--- Data shown Enclosed Below ---

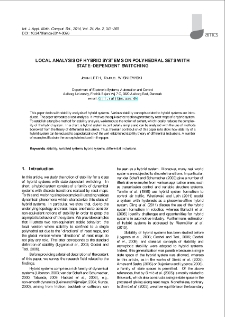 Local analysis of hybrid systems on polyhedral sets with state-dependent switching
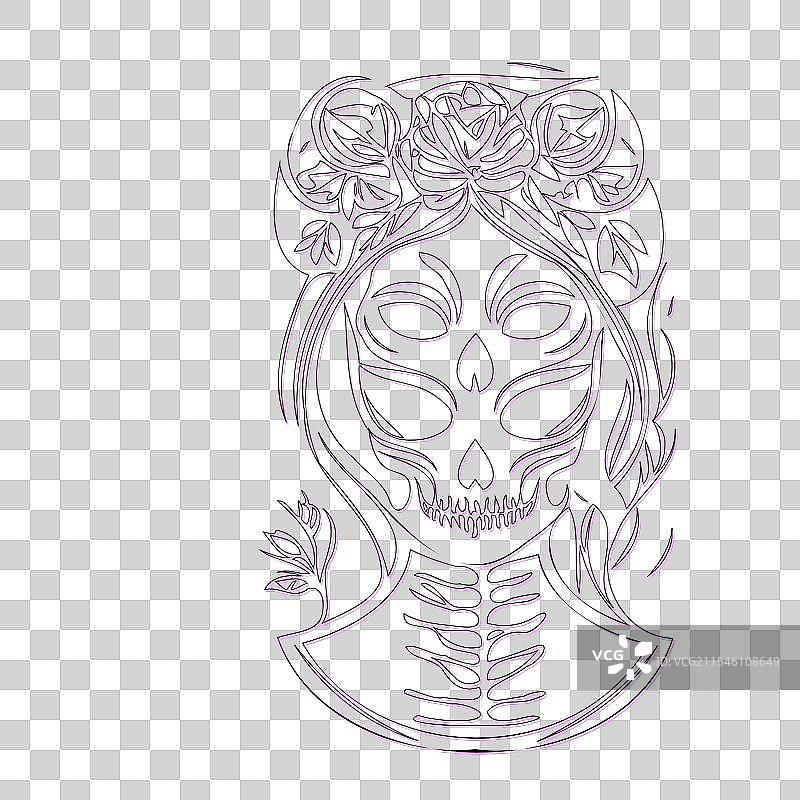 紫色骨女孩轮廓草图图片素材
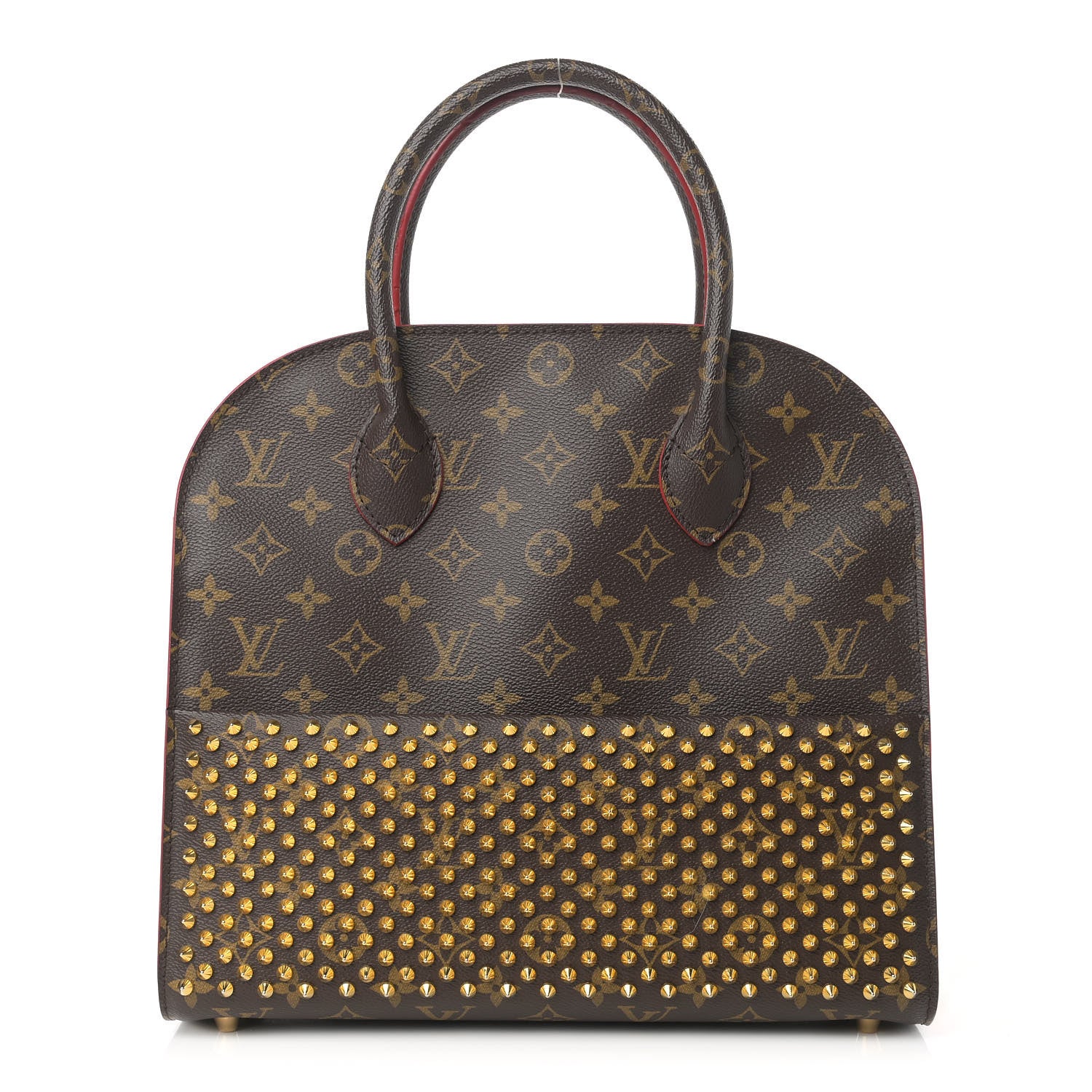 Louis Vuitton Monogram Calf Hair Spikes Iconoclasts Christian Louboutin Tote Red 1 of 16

--- End of Enclosed Data shown ---
--- Data shown Enclosed Below ---

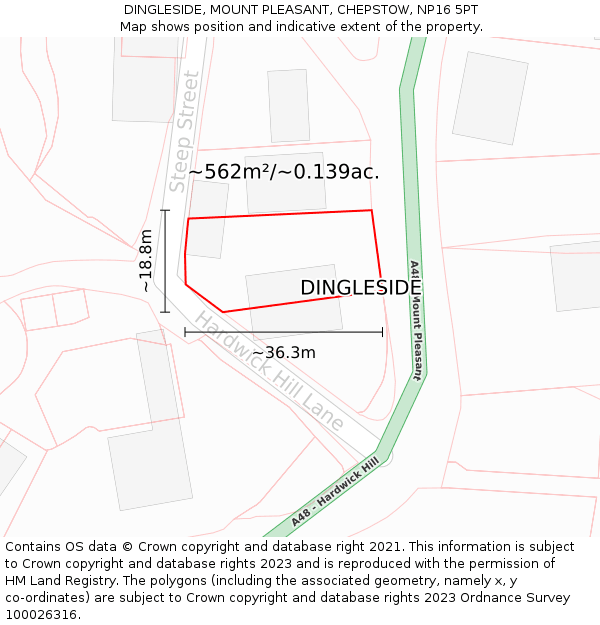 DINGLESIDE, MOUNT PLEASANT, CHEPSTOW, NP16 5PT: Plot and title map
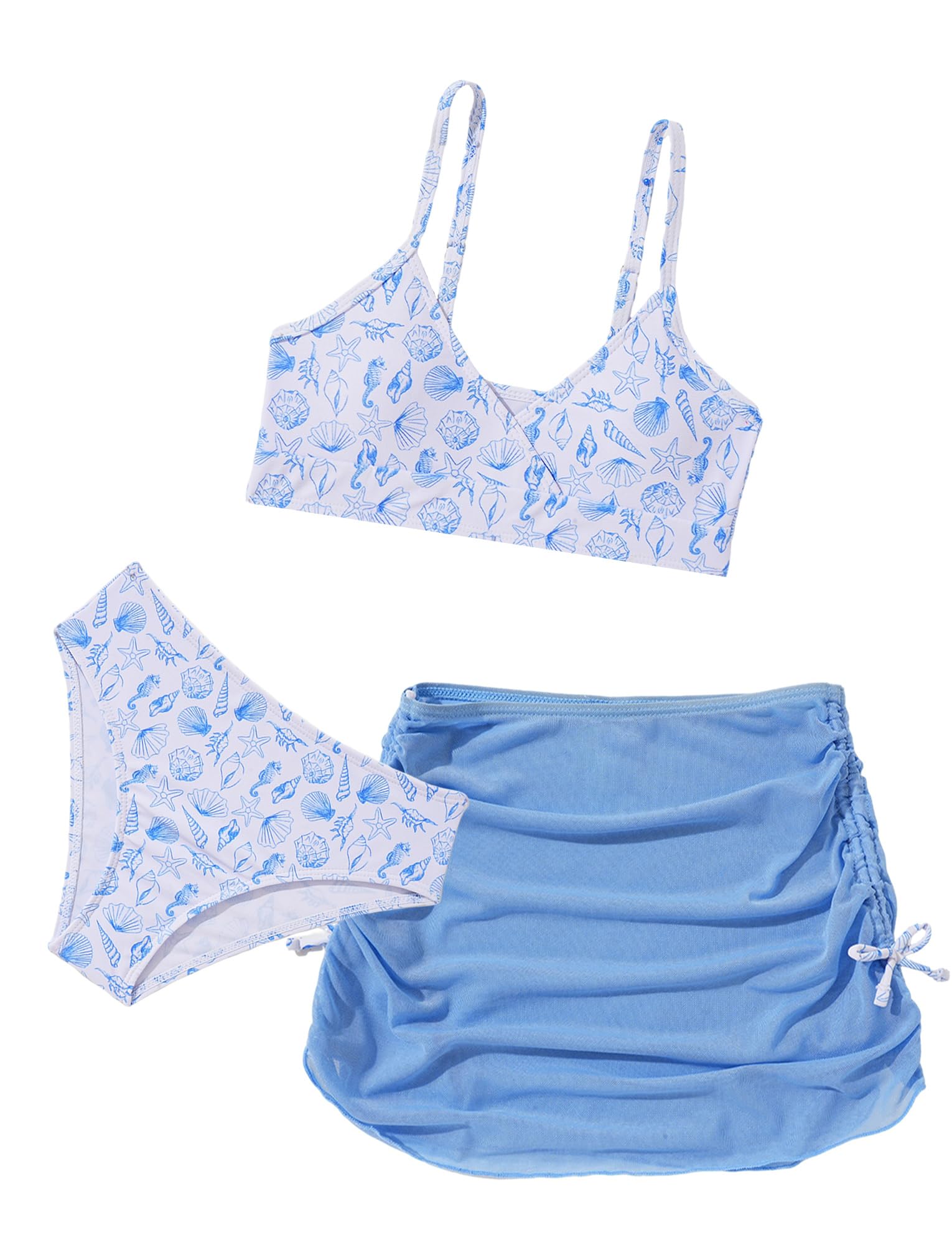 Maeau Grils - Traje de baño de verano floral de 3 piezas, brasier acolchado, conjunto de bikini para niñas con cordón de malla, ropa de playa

--- End of Enclosed Data shown ---

From the line containing "Local analysis of" through the line containing "Louis Vuitton Monogram", copy every line above exactly, without pictures.

 Local analysis of hybrid systems on polyhedral sets with state-dependent switching
 紫色骨女孩轮廓草图图片素材
 Louis Vuitton Monogram Calf Hair Spikes Iconoclasts Christian Louboutin Tote Red 1 of 16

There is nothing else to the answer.